Start of Given information
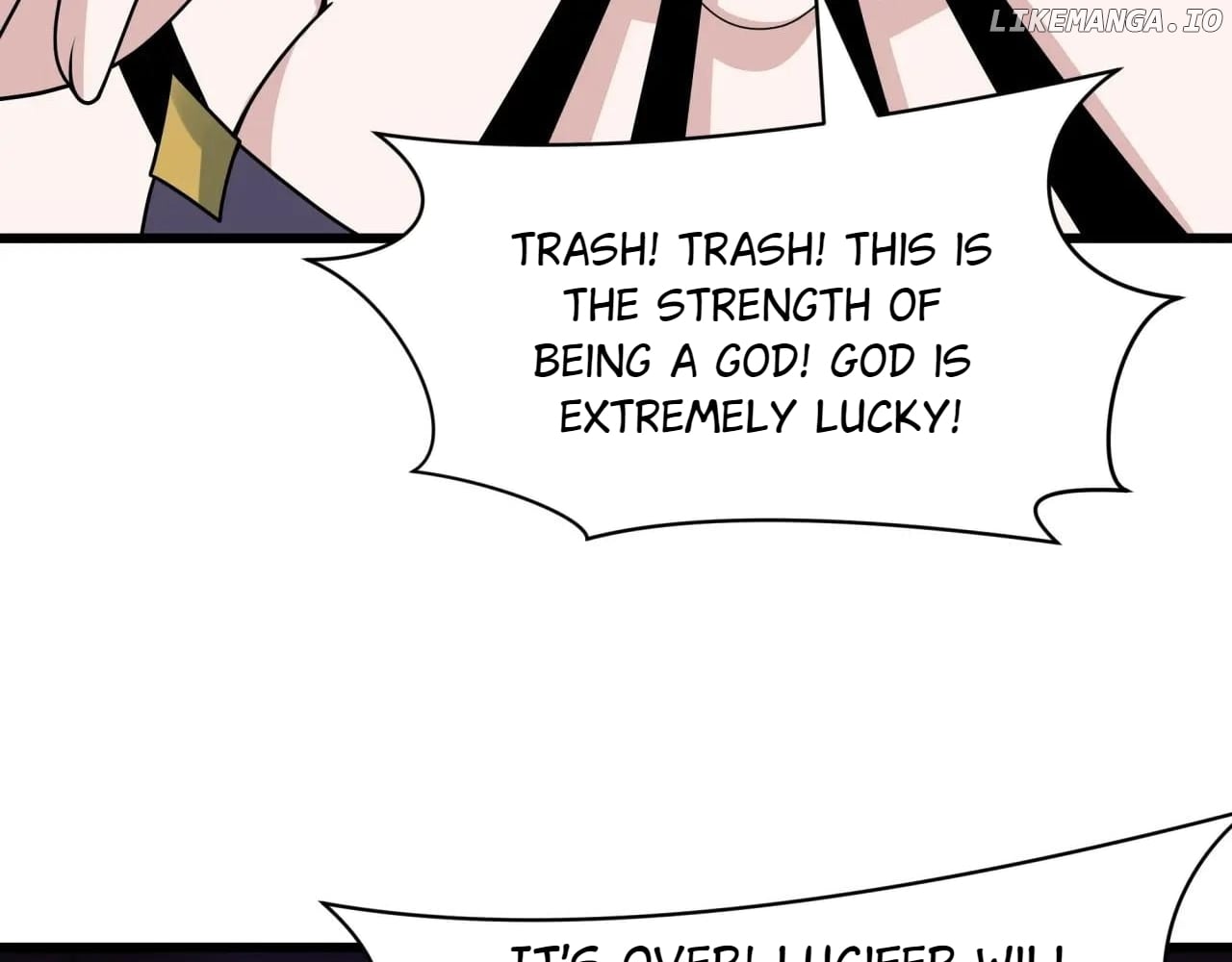 Era of the Haunted Chapter 496 - page 38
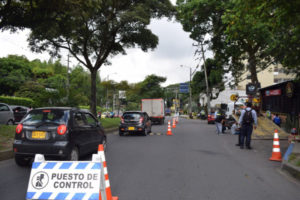 Lee más sobre el artículo ¡Atención! Estos serán los cierres viales por el desfile Nacional del Folclor y los tablados populares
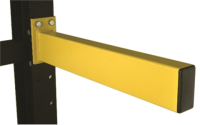 Cantilever Racking Arms - L1200mm Heavy Duty Arm - 1000Kg Capacity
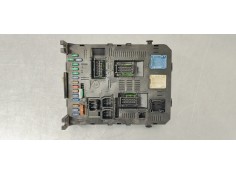 Recambio de caja reles / fusibles para citroen c5 berlina collection referencia OEM IAM 9660105680  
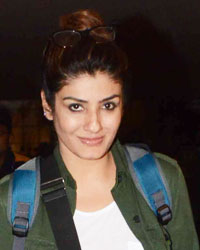 Raveena Tandon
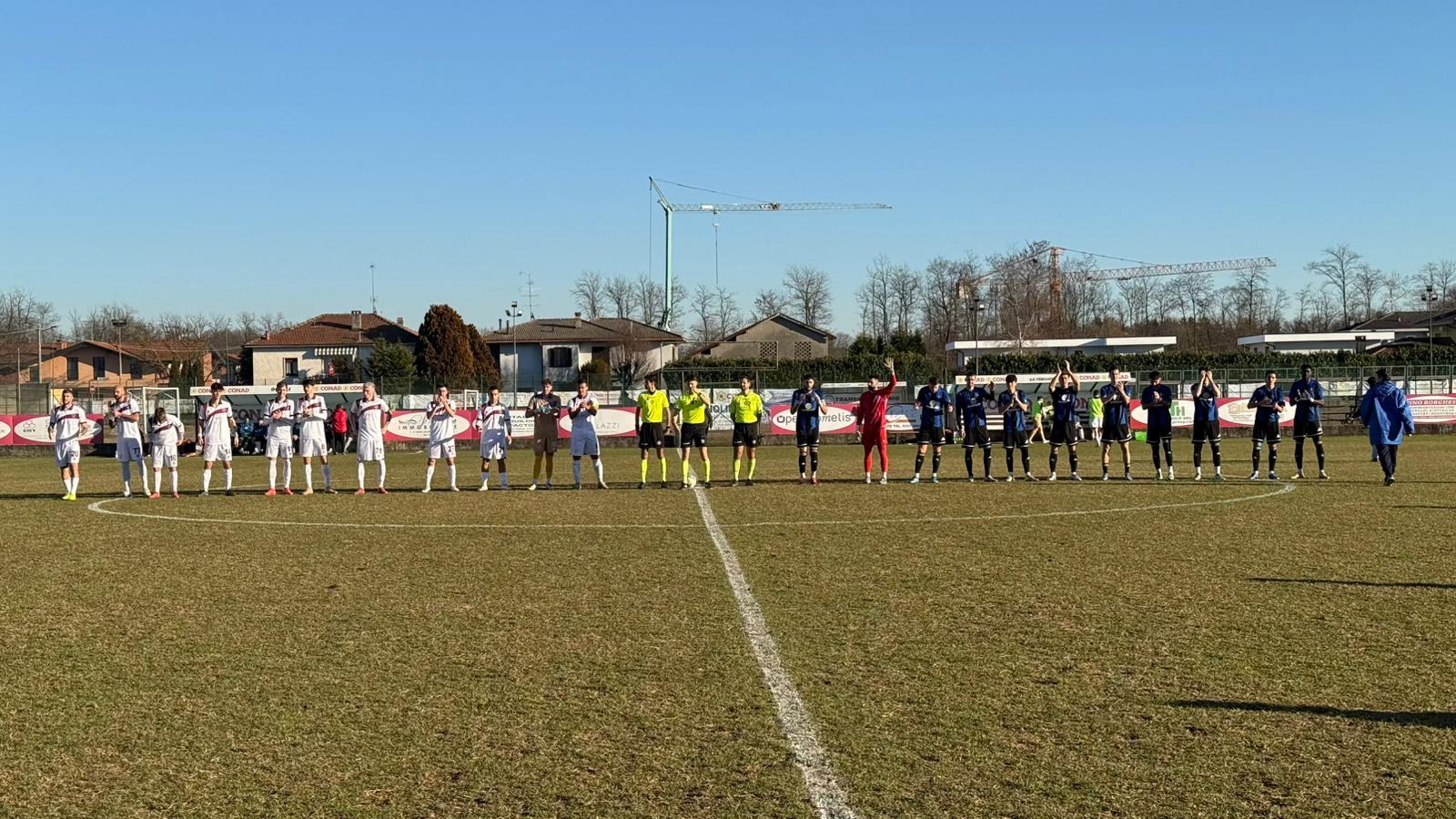 17^ – Derby varesotto Besnatese-Sestese. Occasione di riscatto per la Solbiatese. La Vergiatese fiuta i playoff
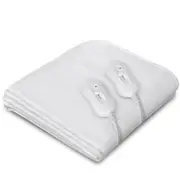 Polyester Electric Blanket 3 Heat Settings - Electric Blankets + Rugs Australia
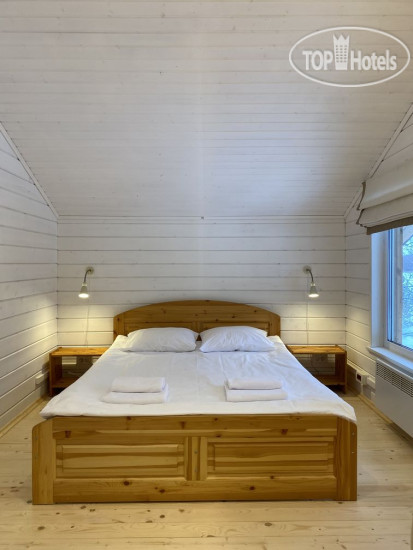 Hotel photo Шишки 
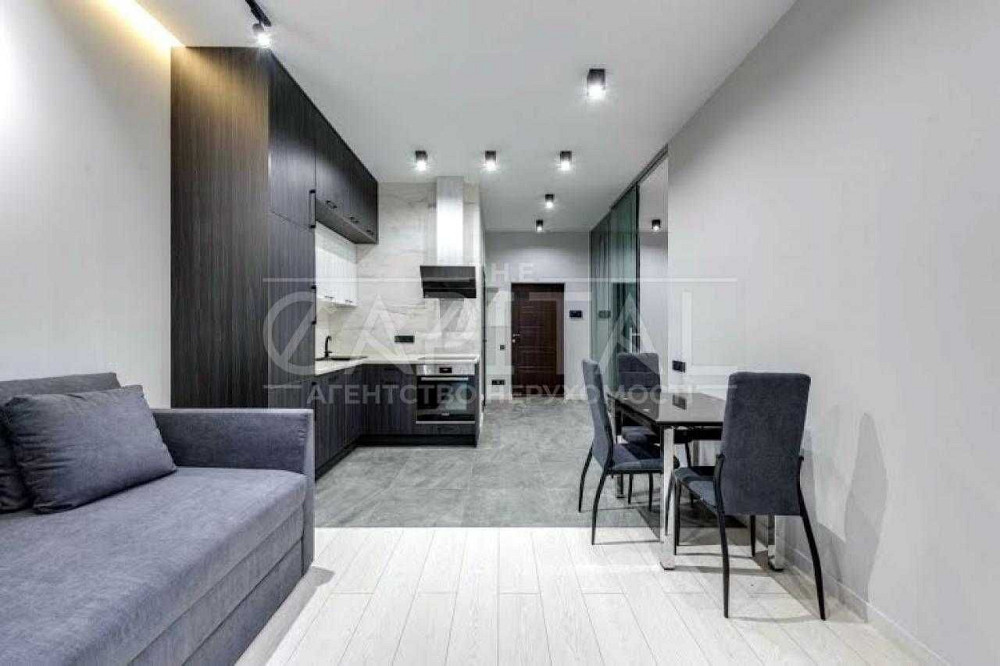 Нова квартира в оренду біля Лаври! Паркінг, фітнес, центр! Київ - зображення 1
End of Given information
Retype the records in full, exactly as given, and omit the pictures.

Solution for this problem:
 Era of the Haunted Chapter 496 - page 38
 Lee más sobre el artículo ¡Atención! Estos serán los cierres viales por el desfile Nacional del Folclor y los tablados populares
 Cantilever Racking Arms - L1200mm Heavy Duty Arm - 1000Kg Capacity
 Recambio de caja reles / fusibles para citroen c5 berlina collection referencia OEM IAM 9660105680  
 Raveena Tandon
 17^ – Derby varesotto Besnatese-Sestese. Occasione di riscatto per la Solbiatese. La Vergiatese fiuta i playoff
 Polyester Electric Blanket 3 Heat Settings - Electric Blankets + Rugs Australia
 Hotel photo Шишки 
 Нова квартира в оренду біля Лаври! Паркінг, фітнес, центр! Київ - зображення 1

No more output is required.